Symfony - Security strategy unanimous show voters involved

1
votes

I'm trying to use ACLs, and as suggested I switched the security strategy to unanimous.

Since then, several URLs don't authorize my user to access anymore.
However it should according to my firewall configuration (I'm able to control this with default strategy).

I understand that unanimous strategy denies access if at least one voter doesn't grant.

So the question is:

For a given request in case of denied access,
how to know which are the involved voters in order to know which one is denying access ?

3
securitysymfonyaclfirewall

3 Answers

3
votes

I had the same issue since switching access_decision_manager strategy to unanimous. Since Symfony 2.4, expressions are built in by default, and I used this to solve the issue.
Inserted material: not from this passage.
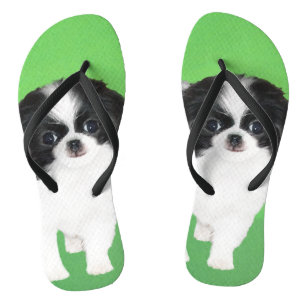 Japanese Chin Puppy Painting - Original Dog Art Jandals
For my access control to use multiple roles I had:

access_control:
    - { path: ^/, roles: [ROLE_ADMIN, ROLE_MANAGER, ROLE_EDITOR] }

After changing to:

access_control:
       - { path: ^/, allow_if: "has_role('ROLE_ADMIN') or has_role('ROLE_MANAGER') or has_role('ROLE_EDITOR')" }

It solved the unanimous issue, hope it helps you or anyone out there.

0
votes

I were not able to find a way to see the involved voters in case of denied access but:

I finally found what was denied: With unanimous strategy, when your security/access_control defines routes against multiple roles, your user must be granted to all to have access. It is logical actually...

That does not answer to the question but I think that is good to keep in mind when using unanimous security strategy.

0
votes

For your question: how to know which are the involved voters in order to know which one is denying access ?
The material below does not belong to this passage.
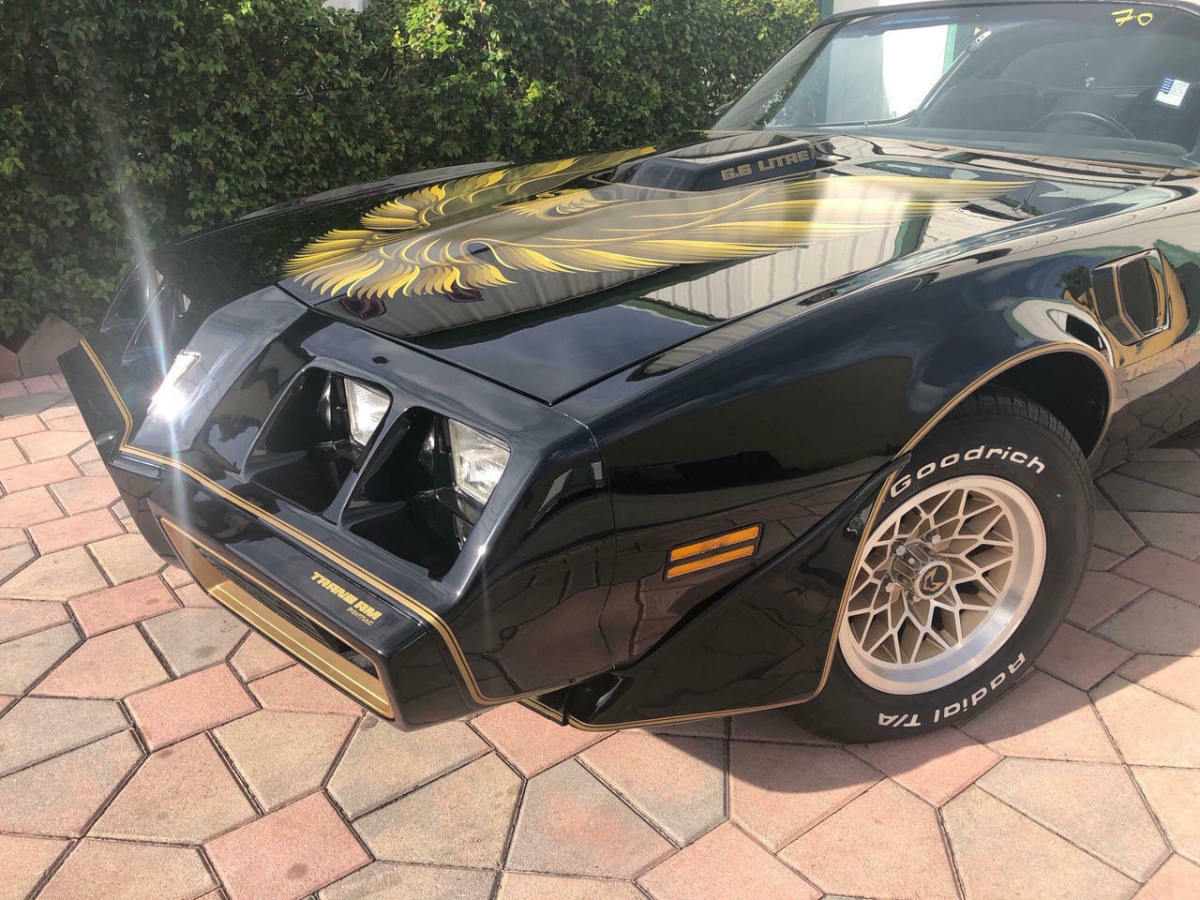 1979 firebird trans am y84 special edition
The answer: You should search for the tag name "security.voter" in your services. All security voters are registered that way. All these voters are always used.
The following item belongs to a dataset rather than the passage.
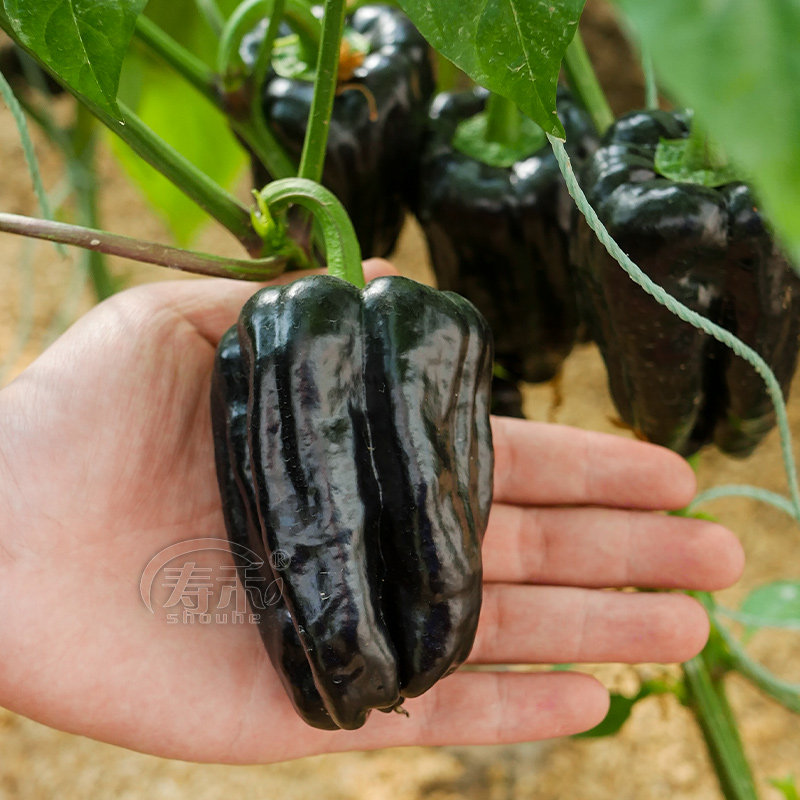 黑紫色彩椒种子种籽苗辣椒籽种南方各种四季秧苗寿光蔬菜菜苗秧孑,鲜花速递/花卉仿真/绿植园艺,家庭园艺种子,淘宝优惠券,粉丝福利购,淘宝优惠卷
For the part of: For a given request in case of denied access,

The answer:

As each request has a different approach to the security voters, based on a token, it is almost impossible to see which voter denied you access without debugging. Use a tool like Xdebug to see the flow of the voters if you really want to know.

You could make a Unit Test for your code to see if it is accessible at the time of a certain request though.